Timothée Guillimin
- Born: 19 February 1996 (age 29) Pape'ete, French Polynesia
- Height: 5 ft 10 in (1.78 m)
- Weight: 195 lb (88 kg)
- School: College Capouchiné Lycée Jean Moulin

Rugby union career
- Position(s): Fly half, Centre
- Current team: New England Free Jacks

Youth career
- 2012-2014: Montpellier Herault

Amateur team(s)
- Years: Team / Apps / (Points)
- 2014-2016: Austin Huns

Senior career
- Years: Team / Apps / (Points)
- 2014-2016: SU Agen
- 2018-2019: Austin Elite / 14 / (113)
- 2019-: New England Free Jacks

International career
- Years: Team / Apps / (Points)
- 2014: France u18

= Timothée Guillimin =

French rugby player (born 1996)

Timothée Guillimin (born 19 February 1996) is a French professional rugby union player. He plays as a fly half for the New England Free Jacks in Major League Rugby (MLR).

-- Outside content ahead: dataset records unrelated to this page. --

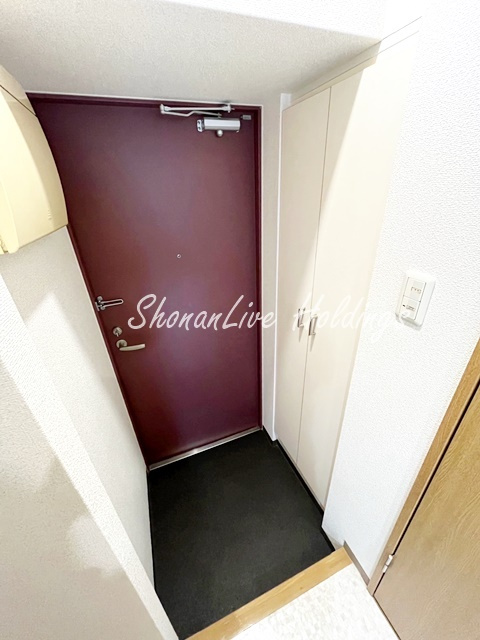 パール横浜東口壱番館の玄関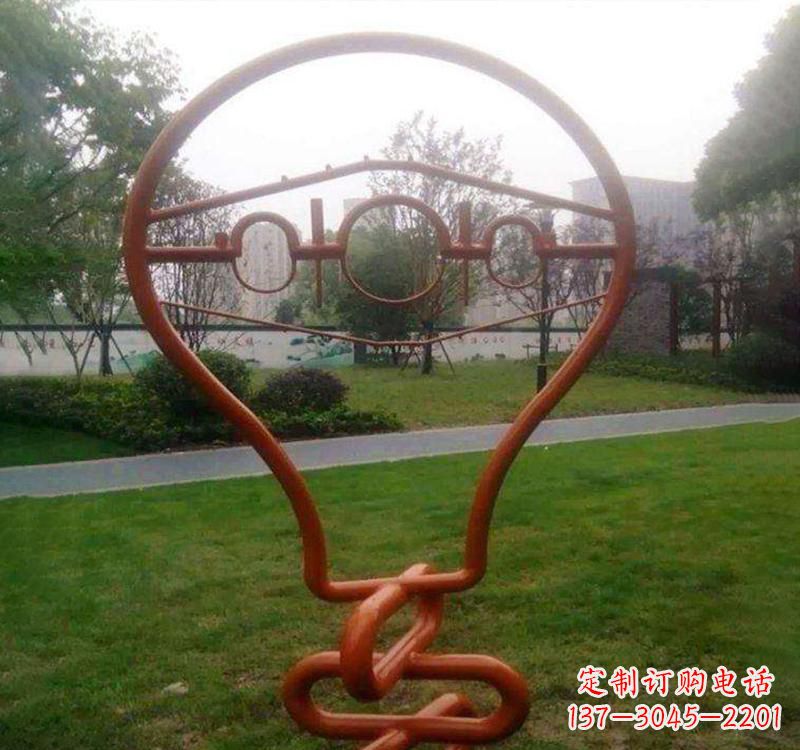 新乡不锈钢灯泡雕塑点亮城市之美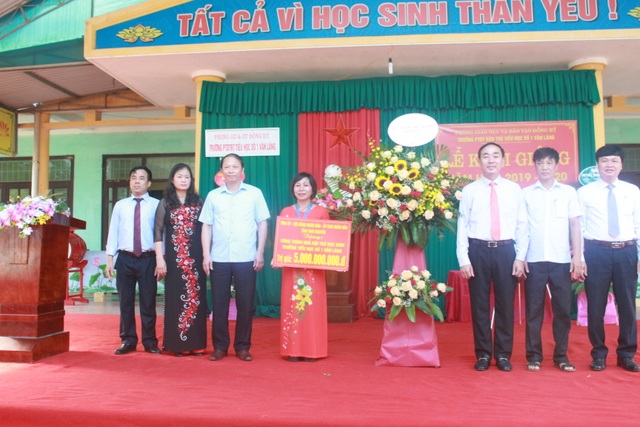 Thái Nguyên: Bí thư Tỉnh ủy đánh trống khai trường ở nơi cao, xa nhất tỉnh - 2 Thái Nguyên: Bí thư Tỉnh ủy đánh trống khai trường ở nơi cao, xa nhất tỉnh - 2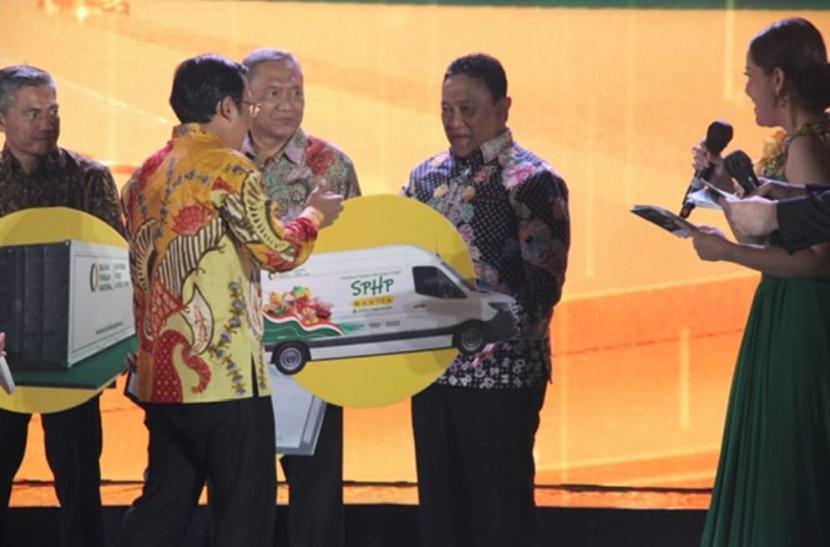 Wakil Gubernur Kalimantan Tengah (Kalteng) H. Edy Pratowo beserta menerima secara simbolis Bantuan Mobil Operasional untuk kegiatan Stabilisasi Pasokan dan Harga Pangan (SPHP) dari Kepala Badan Pangan Nasional.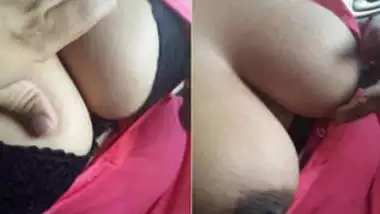 waah desi superhot bhabhi showing her hugee boobs in car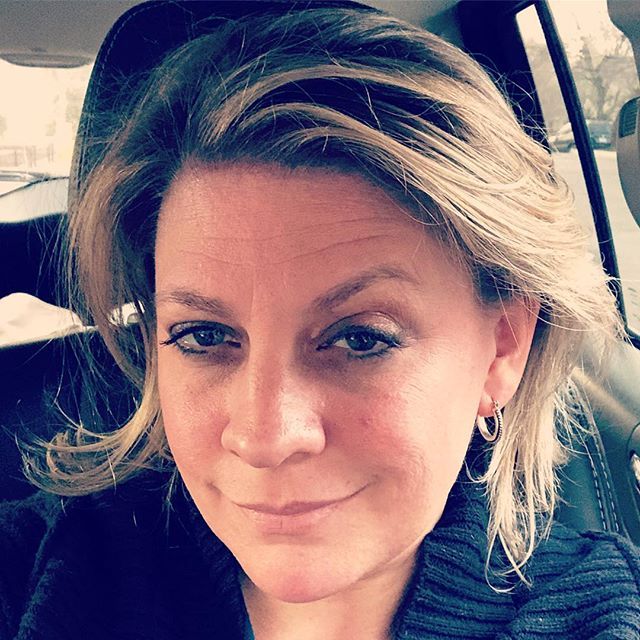 when reality tv calls,it’s time to clean my office and get a blow out. 😆 #neverdomyhair #messyoffice #realitytv #ohthestoriesicouldtell #lauraclaredesign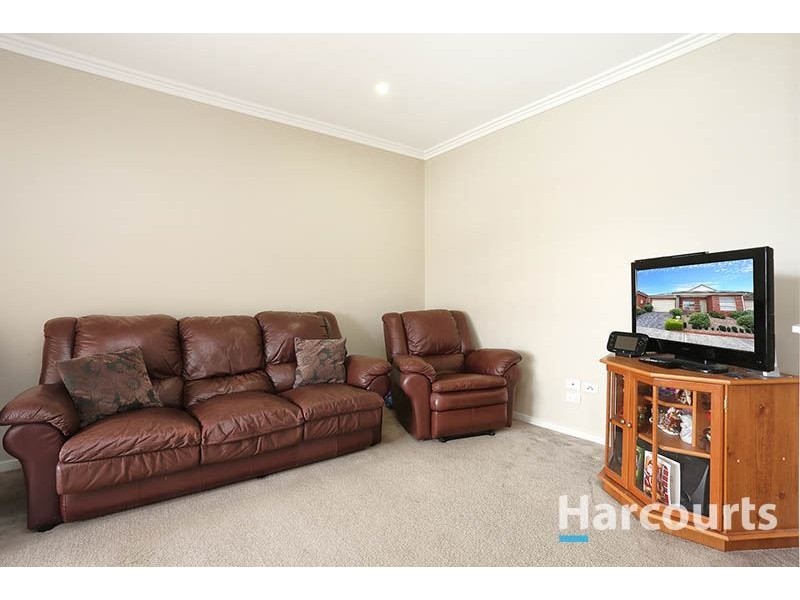17 Manor House Drive, Epping VIC 3076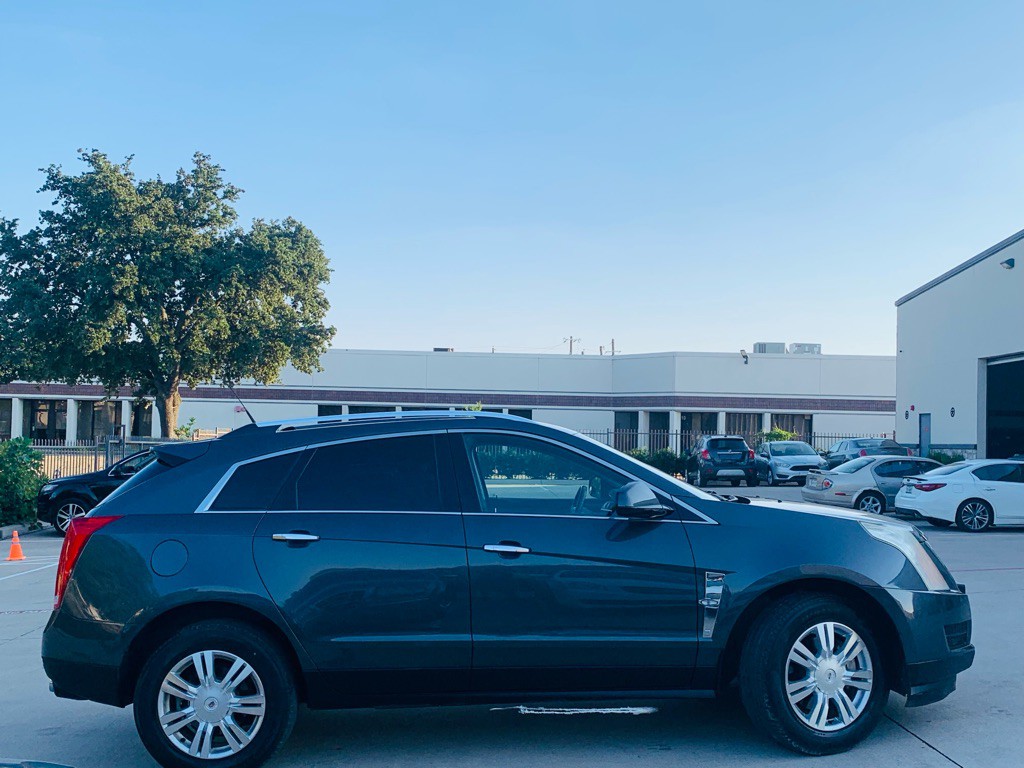 2010 Cadillac SRX Image 13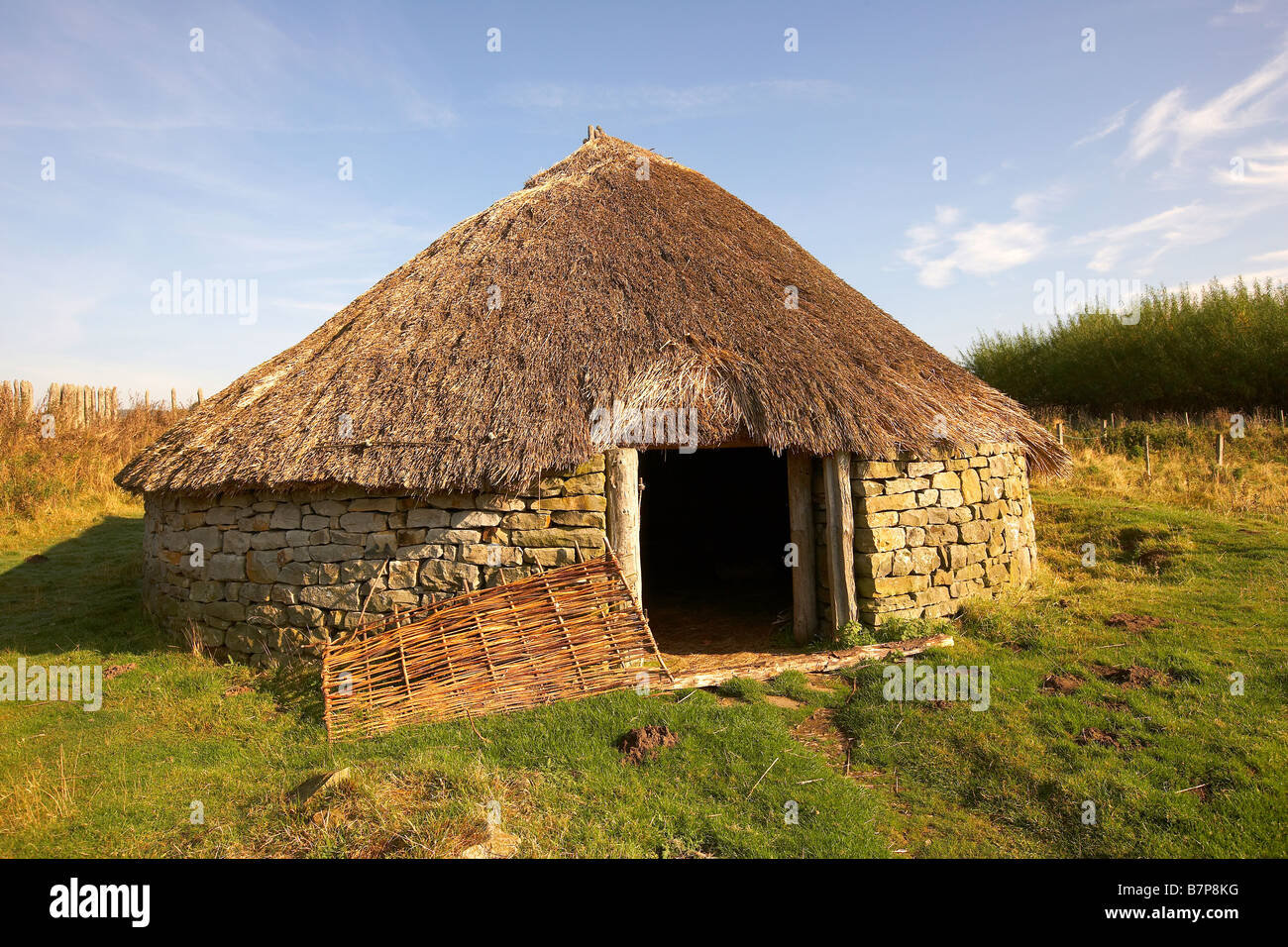 Rekonstruierte Woolaw Roundhouse Brigantium Northumberland England UK Stockfoto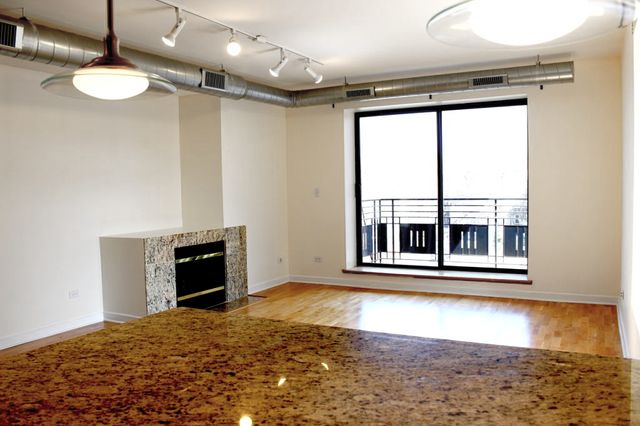 4537 S Drexel Boulevard 409, Chicago, IL 60653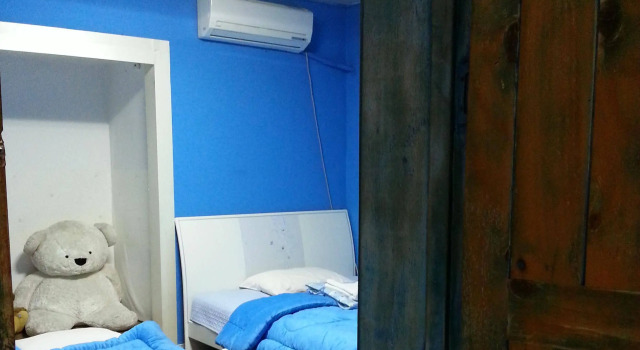Yellow Submarine Guesthouse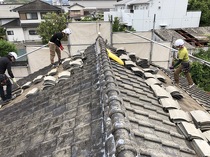 古い屋根の瓦撤去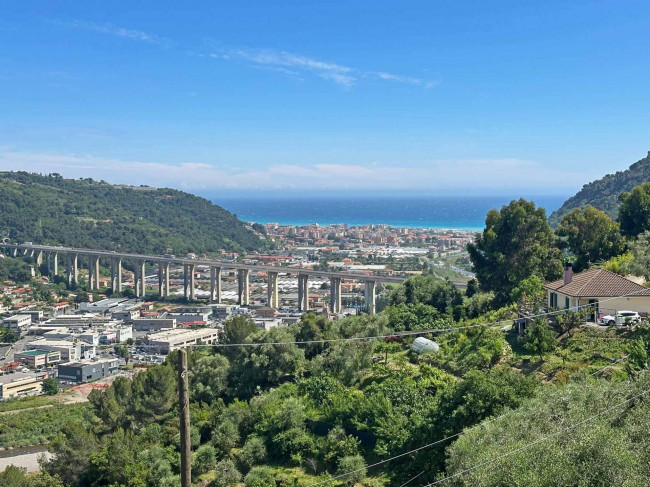 Villen/Häuser zum kaufen in Camporosso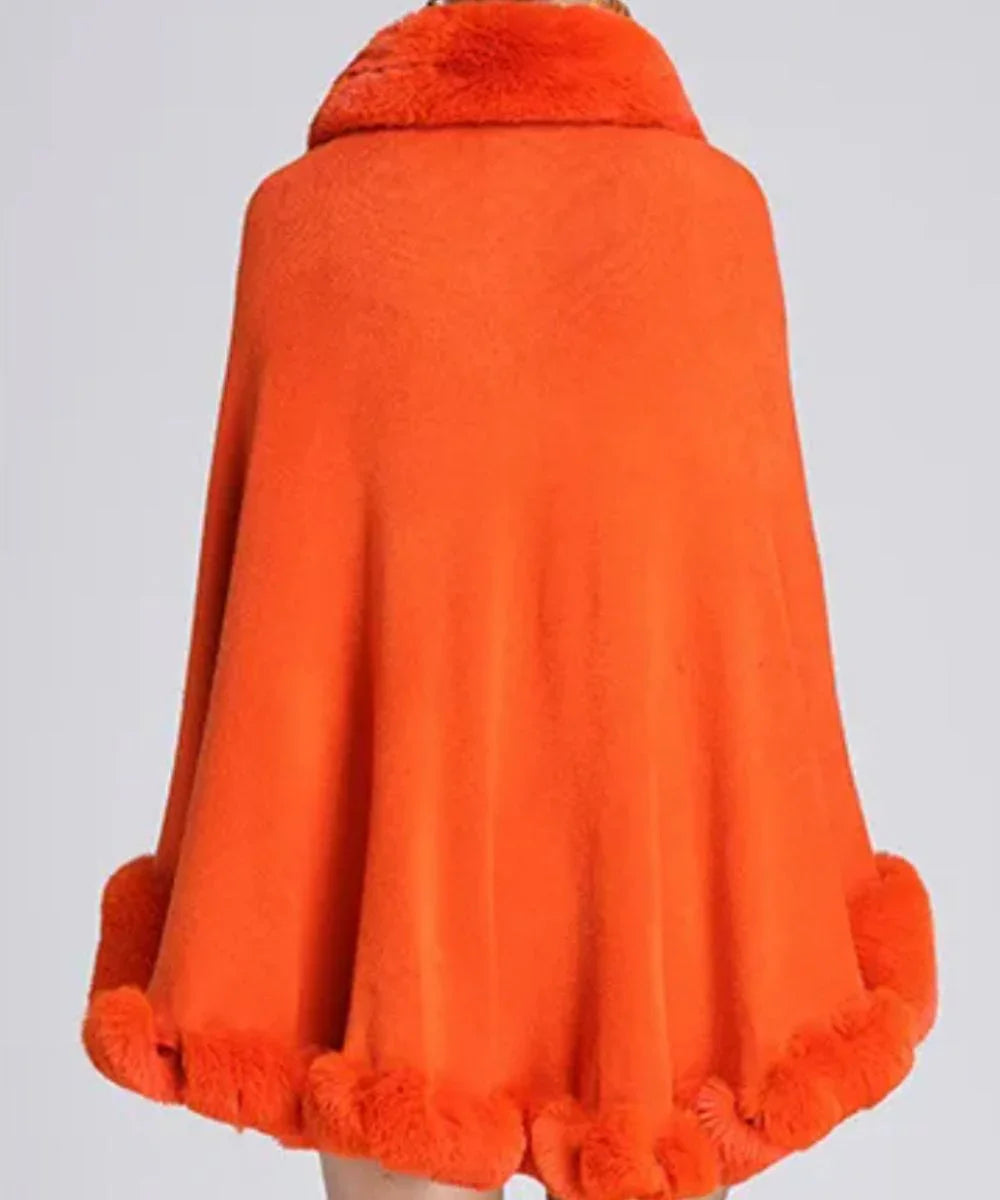 Poncho polaire orange à col et bordure en fausse fourrure, vue de dos
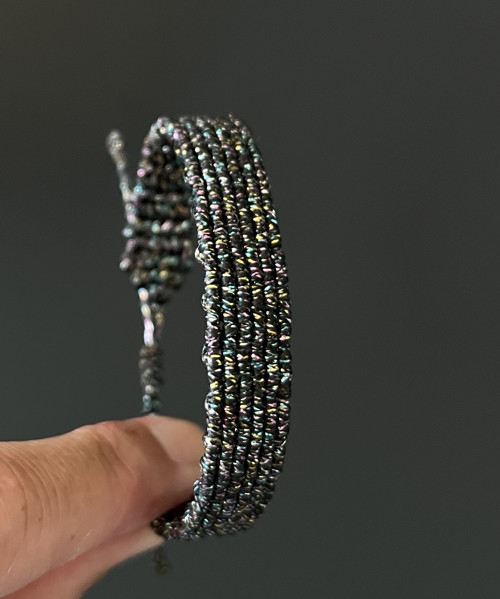 Metalický macramé náramek Black Pearl — foto 4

Guillimin was educated College Capouchiné and Lycée Jean Moulin before attending UFR STAPS Montpellier and DUT GACO Agen.

He previously played for the Austin Elite (MLR) and SU Agen professionally.

In March 2021, he signed with New Orleans Gold. In January 2022, he became a business developer for RC Nîmes.